As expected, Skyfall is stomping at the box-office with a likely $85 to $88 million by Sunday night. I’ve seen it twice because of Roger Deakins‘ exhilarating cinematography, for the teasing perversity in Javier Bardem‘s Silva, for the way director Sam Mendes delivers in a carefully honed and upmarket fashion, like it’s all being shot for Vanity Fair, and because Skyfall avoids and in fact seems to despise many of the stylistic flourishes and indulgences that have come to represent the Bond franchise over the last 50 years.

And yet it delivers with high finesse. While being a dark and solemn thing at heart. The opening credit sequence, a dreamscape of death if I ever saw one, is but one taste.

As David Denby puts it in his New Yorker review, Skyfall has been fashioned “in the recent mode of Christopher Nolan’s Batman films, [and] is a gloomy, dark action thriller, and almost completely without the cynical playfulness that drew us to the series in the first place.” Exactly! Yes! Thank you!

Denby, in short, is lamenting the passing of that bottled and bonded 20th Century attitude, or perhaps the passing of the 20th Century, and once again seems to be pushing an ongoing argument against the inevitable, even though what he’s observed in recent reviews — a certain cultural diminishment, innumerable crude tendencies, a downwash — is arguably happening. Denby has essentially been saying in his reviews what Tony Soprano told Jennifer Melfi in the very first episode of the first Sopranos season, way back in ’99: “It’s good to be in something from the ground floor. I came too late for that, I know. But lately I’m getting the feeling that I came in at the end. The best is over.”

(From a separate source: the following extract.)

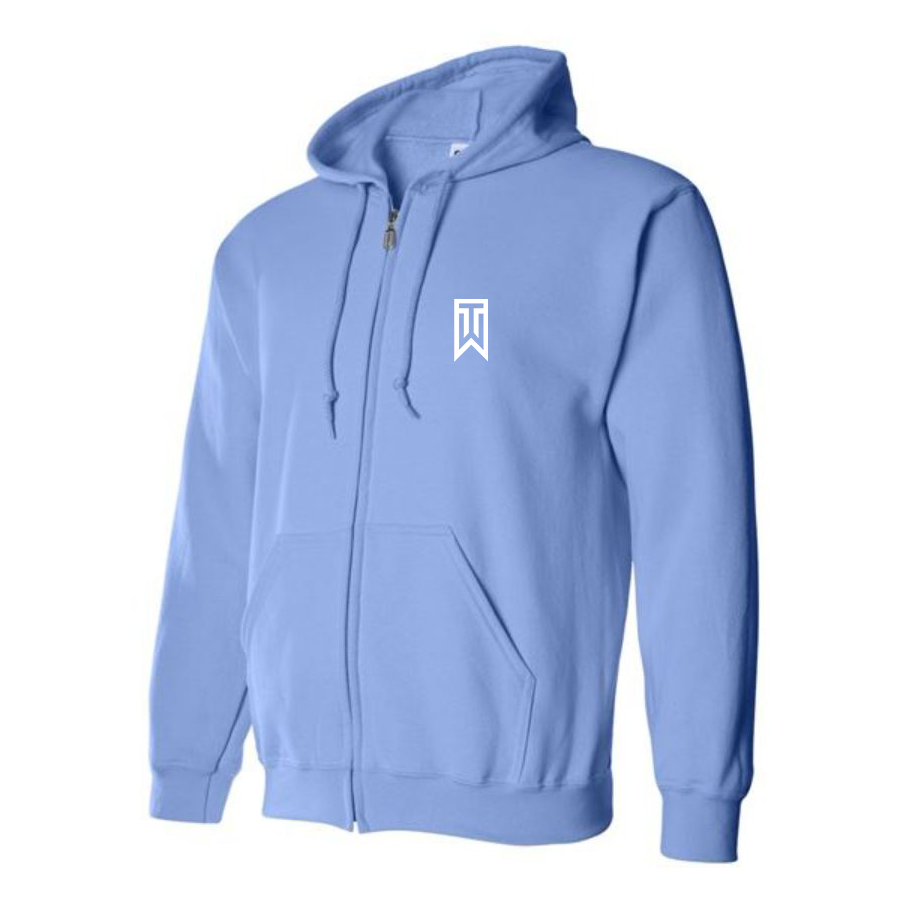 Men's Tiger Woods Zipper Hoodie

And yet I enjoyed this Denby riff about the first and possibly best Bond of all: “Connery was shrewd and piratical — he let us in on the fun of being wicked. An ironist, he knew that the role was absurd but that the desire for fantasy wasn’t. He was the gentleman-rogue hero — aristocratic in disdain, yet classless — of every man’s dream of himself, and women could enjoy him as the adroit cad who arrives at night, delivers the goods, and leaves in the morning. Connery took his time. His drawling pauses as he calculated his advantage were a prime comic device, the manner of a brute swathed in sophistication, so sure of success that he never needed to rush.

Roger Moore, of course, was more Brut than brute. He gave off the aura of a luxury product in an airline magazine — an expensive leather case, perhaps, rubbed rather too often with oil. He was neither shaken nor stirred; he was smooth, unmarked by experience in any way. George Lazenby and the gracious Timothy Dalton never really took control of the role, but Pierce Brosnan, with his big, handsome head atop a slender body, could be flinty. He had an interesting mean streak and the habits of cold indifference. He was lithe and quick, yet not really a menace, like the big-bodied Connery or the steel-springed Craig.

“The earlier Bonds were superlative lovers of food, spirits, and women. As box-office has become truly internationalized, however, the producers may have feared that a too knowing Bond might not please everyone. Such a connoisseur could turn off moviegoers who object to the notion of being outclassed. The Bond franchise will continue, though I doubt we shall ever again hear Bond say, as Connery did in Goldfinger, that a certain brandy was a ‘thirty-year-old fins indifferently blended, sir, with an overdose of bons bois.’ I don’t know what bons bois is, but I enjoyed the astringent flavor of Connery’s judgment.”